Specification and management of access control policies in an environment of distributed data access.

Start date: 16/09/2013
Defense date: 08/09/2016

Advisor: Mohand-Said Hacid

Summary:

The emergence of the Semantic Web has led to the rapid adoption of RDF (Resource Description Framework) format for describing data and links between them. The RDF graph model is suitable for the representation of semantic links between objects of the Web that are identified by IRIs (Internationalized Resource Identifier). Applications that publish and share potentially sensitive RDF data are increasing in many areas: bioinformatics, e-government, open data movement. The problem of controlling access to RDF content and selective information exposure according to the privileges of the requesters is becoming increasingly important.
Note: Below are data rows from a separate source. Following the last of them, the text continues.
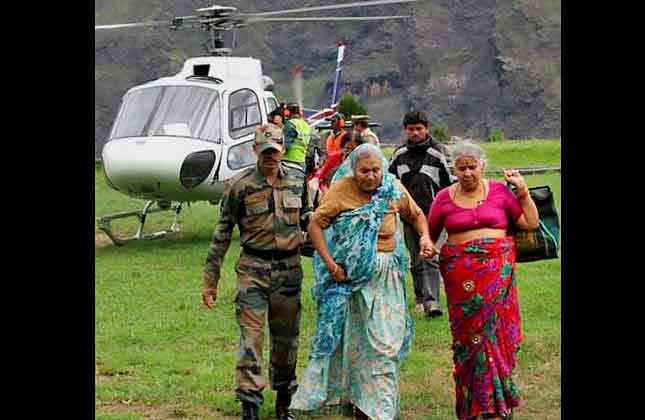 In this Wednesday June 19, 2013 photo, an Indian army soldier helps flood affected elderly pilgrims after being evacuated from upper reaches of mountains, in Chamoli, in Indian northern state of Uttrakhand. Days after floods killed more than 100 people rescuers used helicopters and climbed through mountain paths to reach nearly 4,000 people trapped by landslides in a narrow valley near a Hindu shrine in the northern Himalayas, officials said Thursday. (AP Photo)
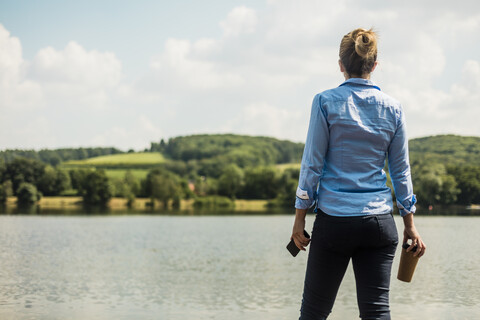 Woman standing at a lake with cell phone and takeaway coffee stock photo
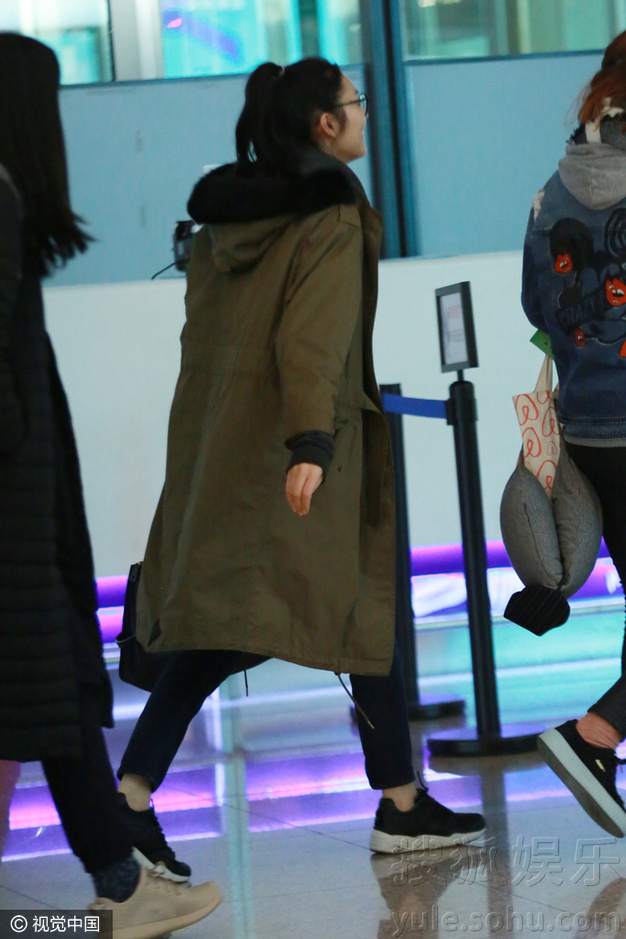 刘雯素颜戴框镜现身机场 军绿色大衣走帅气风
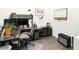Functional home office with a spacious desk, comfortable chair, ample storage, and modern electronics at 4738 Colorado River Dr, Firestone, CO 80504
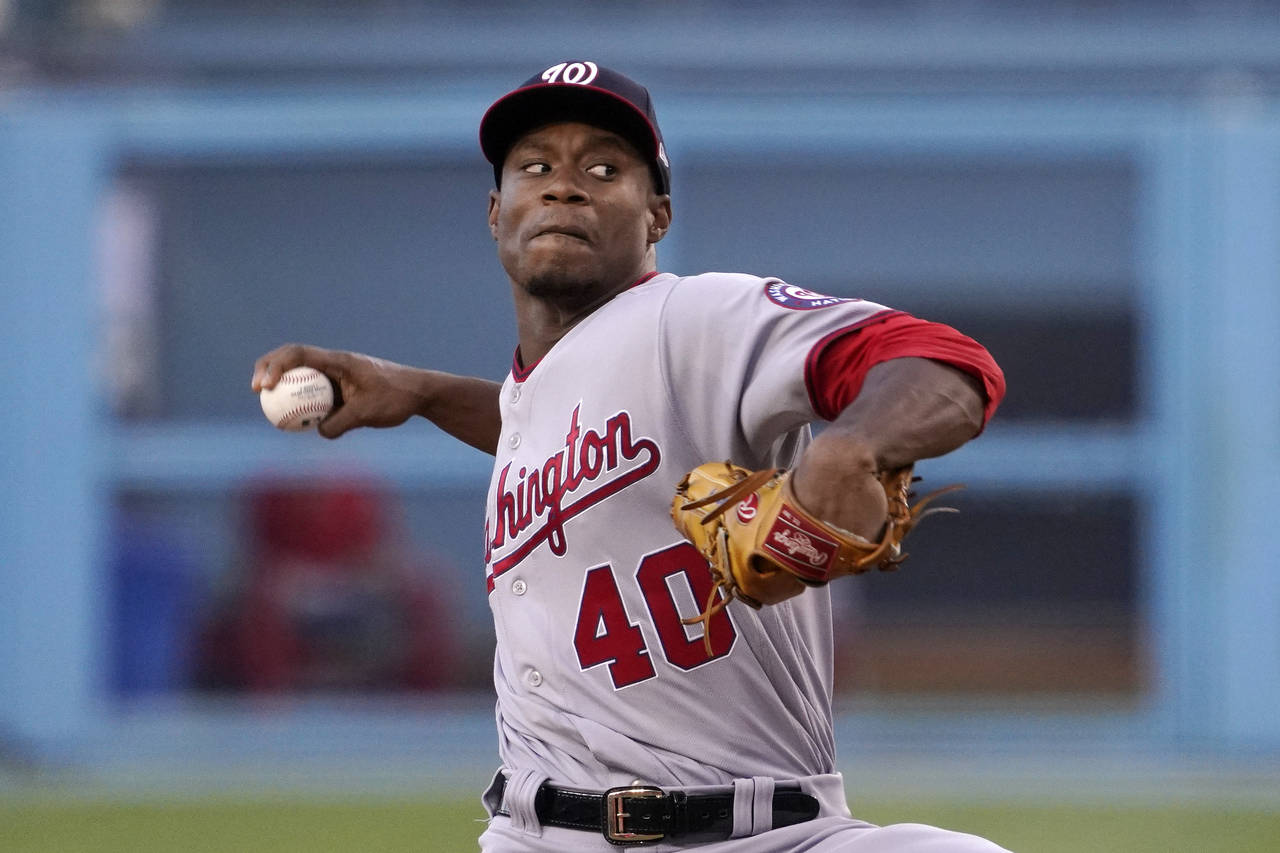 Washington Nationals starting pitcher Josiah Gray throws to the plate during the first inning of a ...
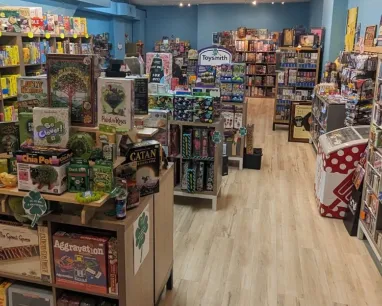 A store with multiple tables, all jam packed with various board and tabletop games.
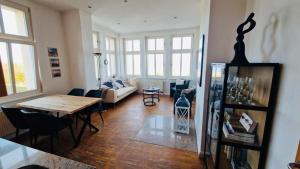 a living room with a table and a couch at Villa Anna Meerblick erste Reihe in Ahlbeck
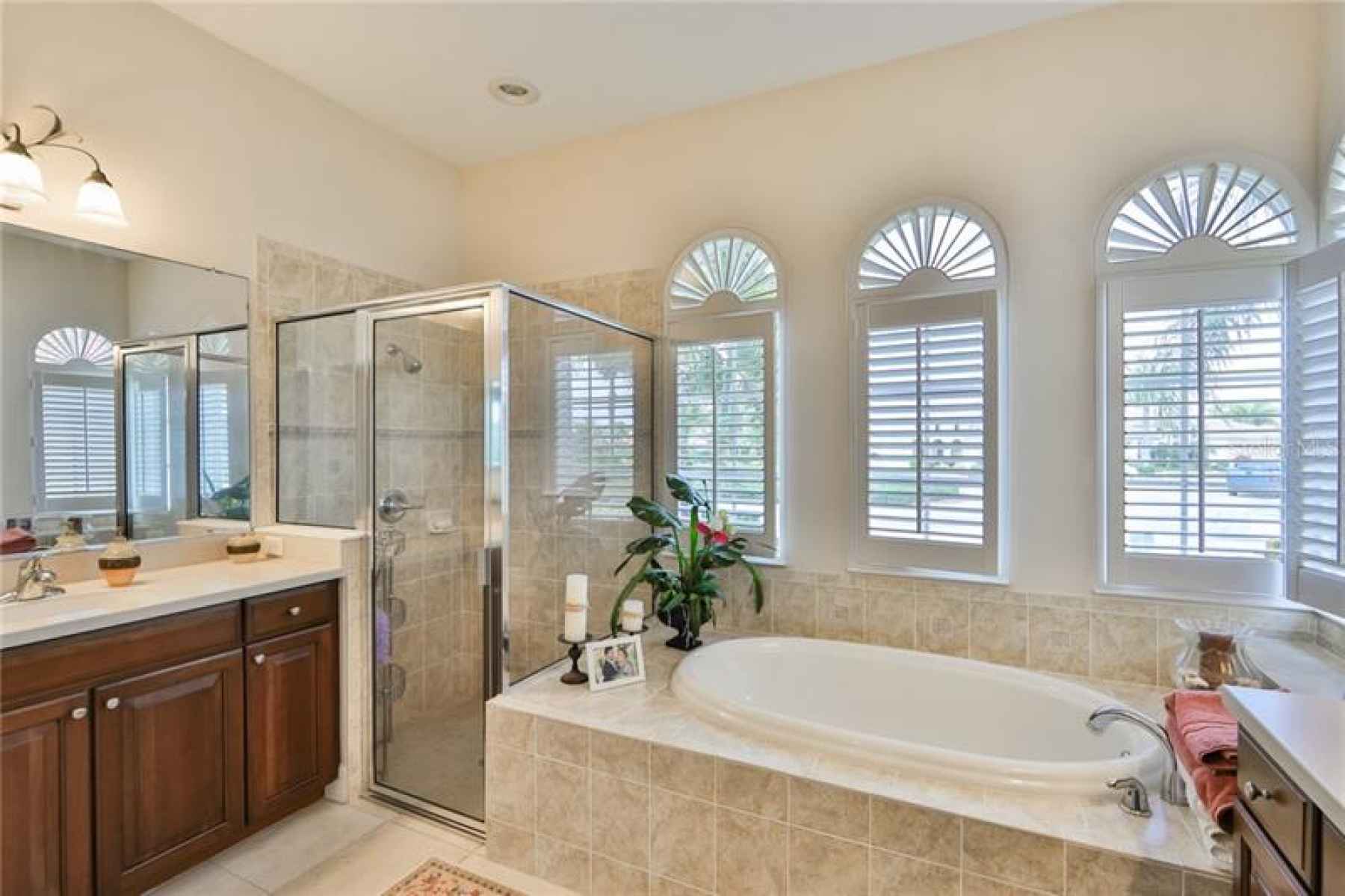 Brightly lit and spacious, this Master bathroom is simple elegance.
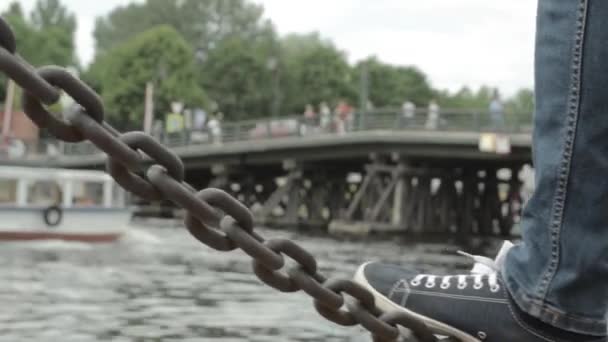 Miesten jalka heiluttaa ketjua sillalla
 - Materiaali, video
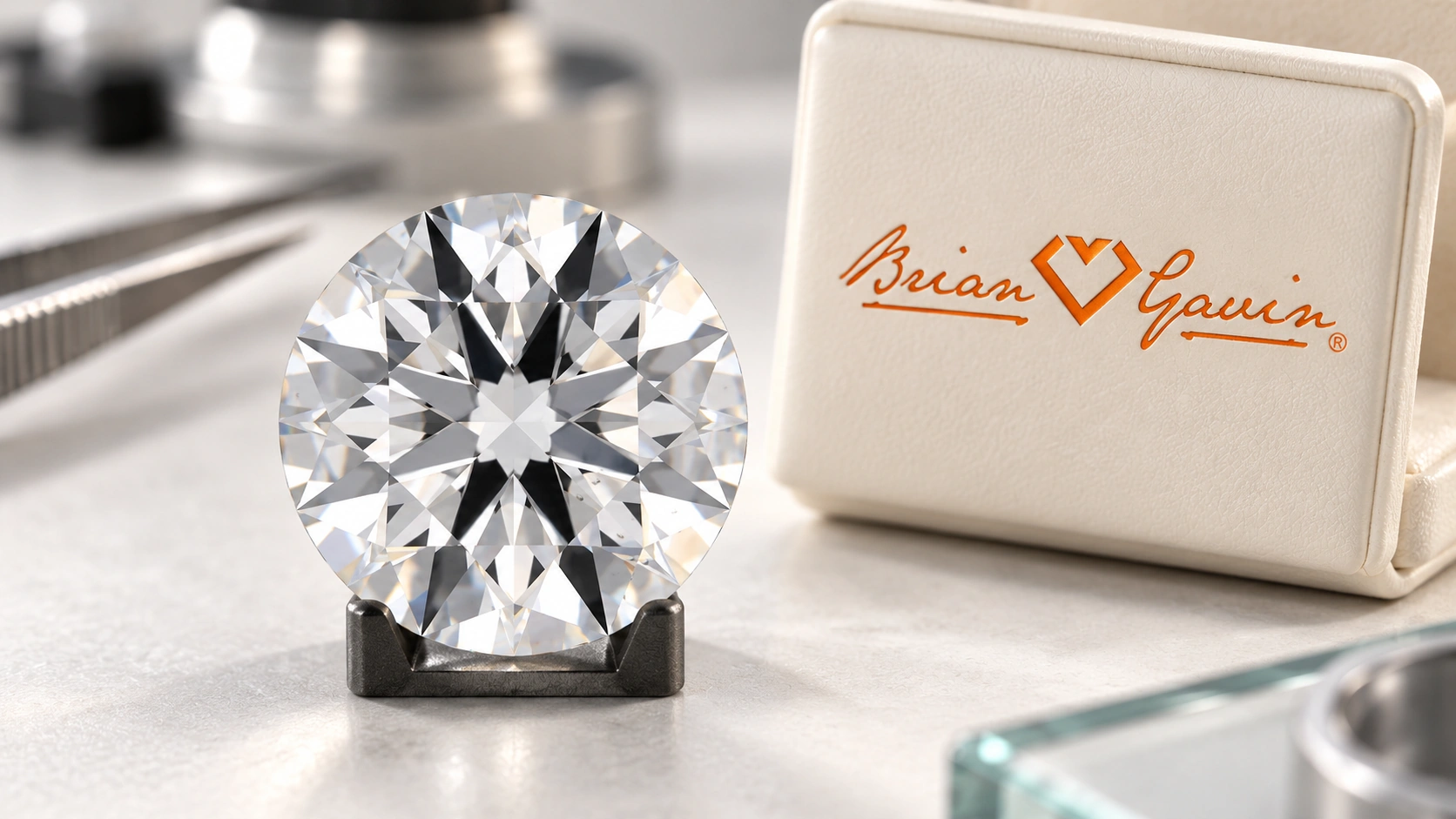 Editorial round brilliant diamond on a small inspection cradle beside a cream presentation case bearing the Brian Gavin logo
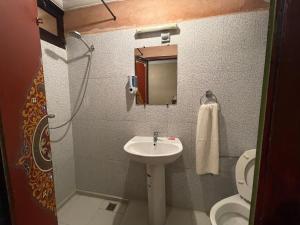 a small bathroom with a sink and a toilet at Hotel Cecil in Marrakech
An answer to the problem is particularly expected in the context of open-data, because it would encourage data providers to publish data to the public on their own terms, selectively.
Two scientific locks justify a research to develop a solution to the problems of distributed RDF data selective exposure. The first lock is the distribution of data sources and authorities that control them. The naturally open context of the exchange of RDF data makes unrealistic assumptions of mutual trust or of unique shared authentication, so it is necessary to propose innovative mechanisms for user identification and integration of security policies enacted by different authorities. Problems of executing distributed queries taking into account filtering should also be taken into consideration. The second lock is put by the introduction of deduction mechanisms for RDF data (eg, RDF / S, OWL). In fact, when an owner wants to prohibit access to information, we must also ensure that the published data can not be used to infer a supposed secret information via the RDF inference mechanisms.
An initial work of scientific monitoring will lead to the development of criteria for assessing the state of the art on access control to RDF data, including the expressiveness of the policy specification language, conflict resolution generated by conflicting decisions rules and the verification of unauthorized inferences. Tools proposed to release the aforementioned locks include static analysis of queries for RDF in the presence of inference, in particular the problem of query containment, data integration and schema mapping tools as well as declarative models for distributed access control.